__Activity__
With the images removed, transcribe the listing that follows exactly.

__Supplied material__
[Start of section]
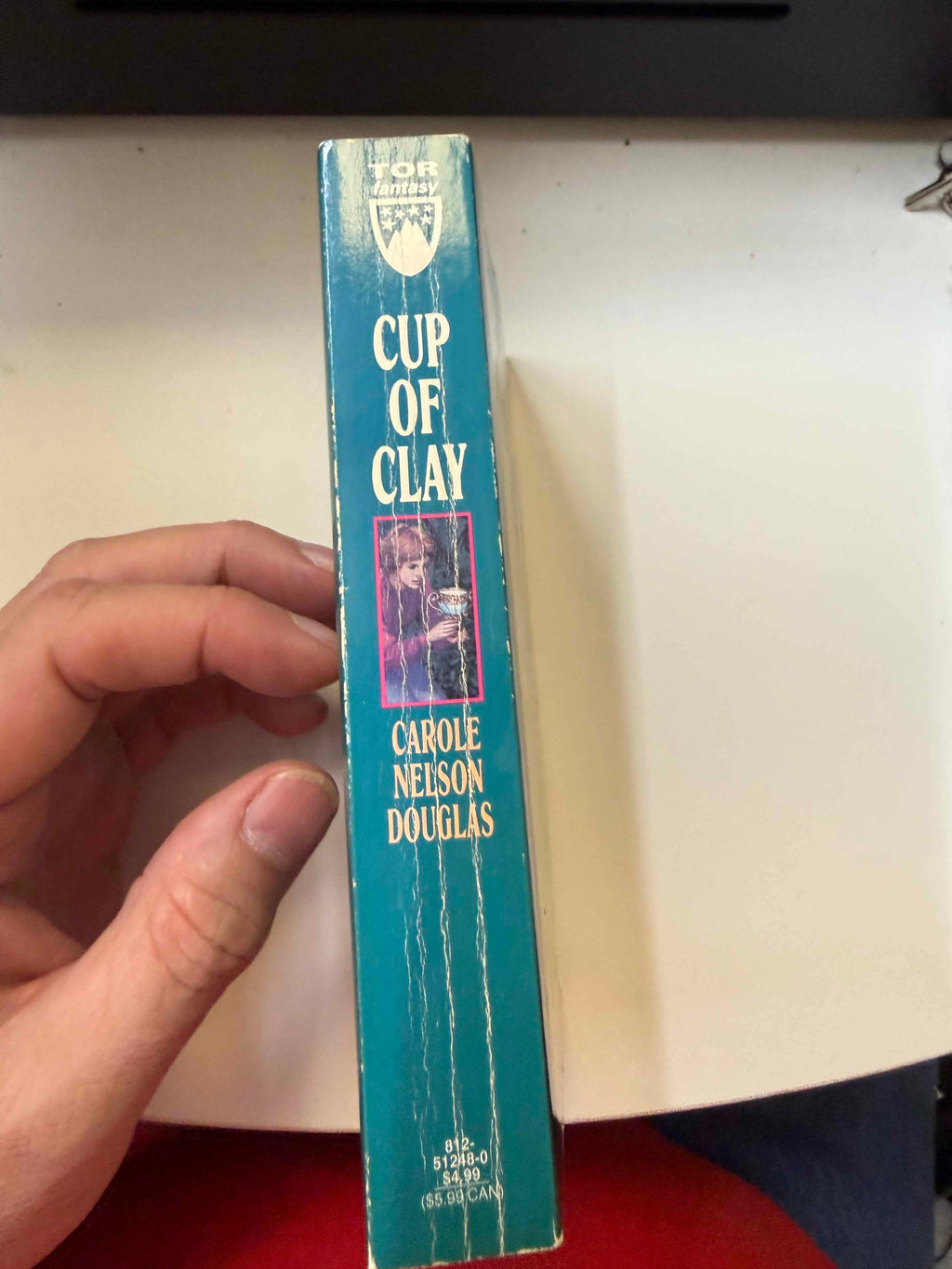 Actual copy spine showing creases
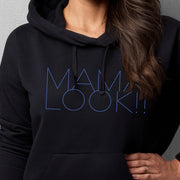 Black hoodie on woman with 'MAMA LOOK!' graphic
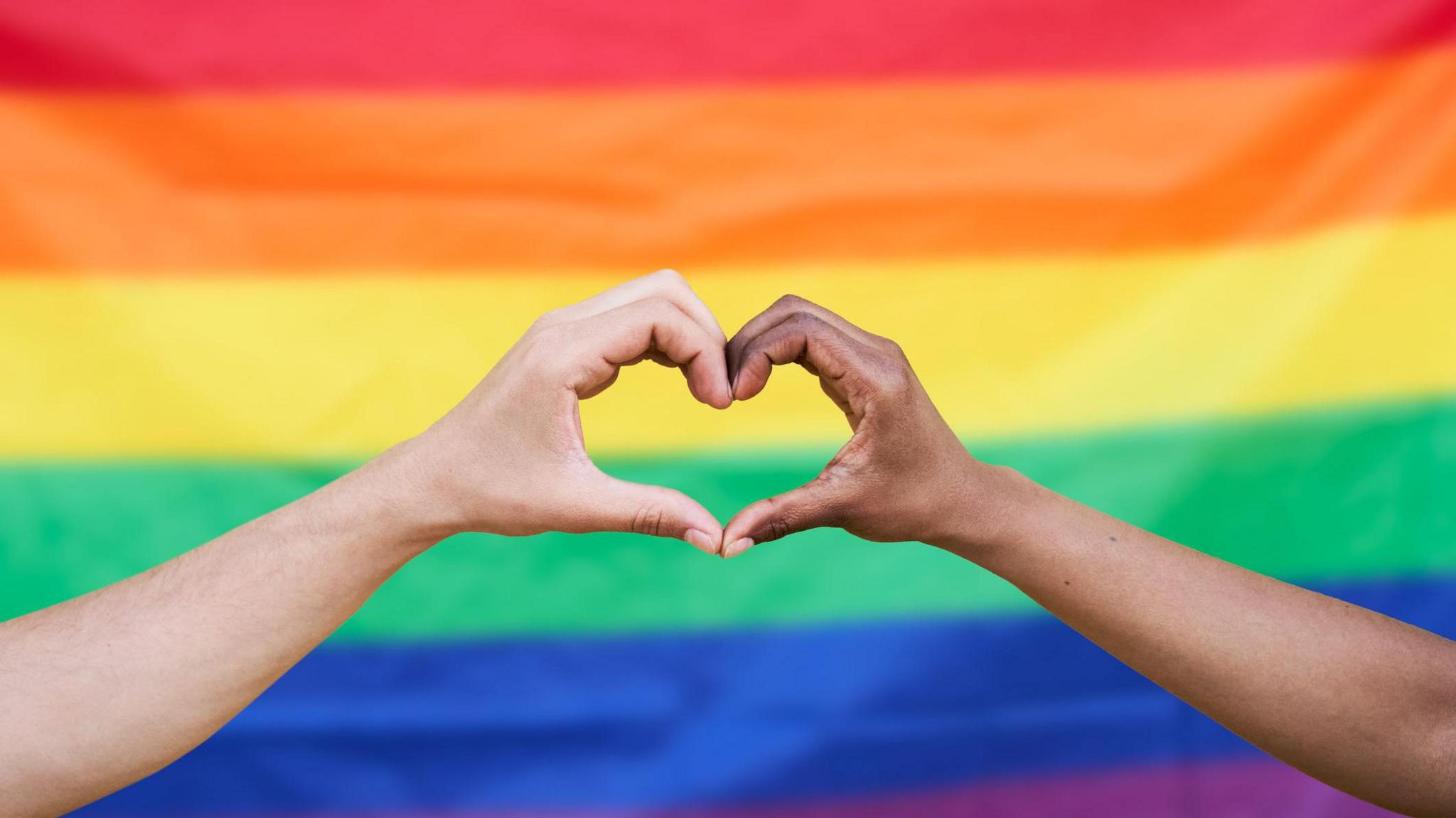 Two hands form a love heart against a rainbow flag in the background.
[End of section]
__Response to this task__
 Actual copy spine showing creases
 Black hoodie on woman with 'MAMA LOOK!' graphic
 Two hands form a love heart against a rainbow flag in the background.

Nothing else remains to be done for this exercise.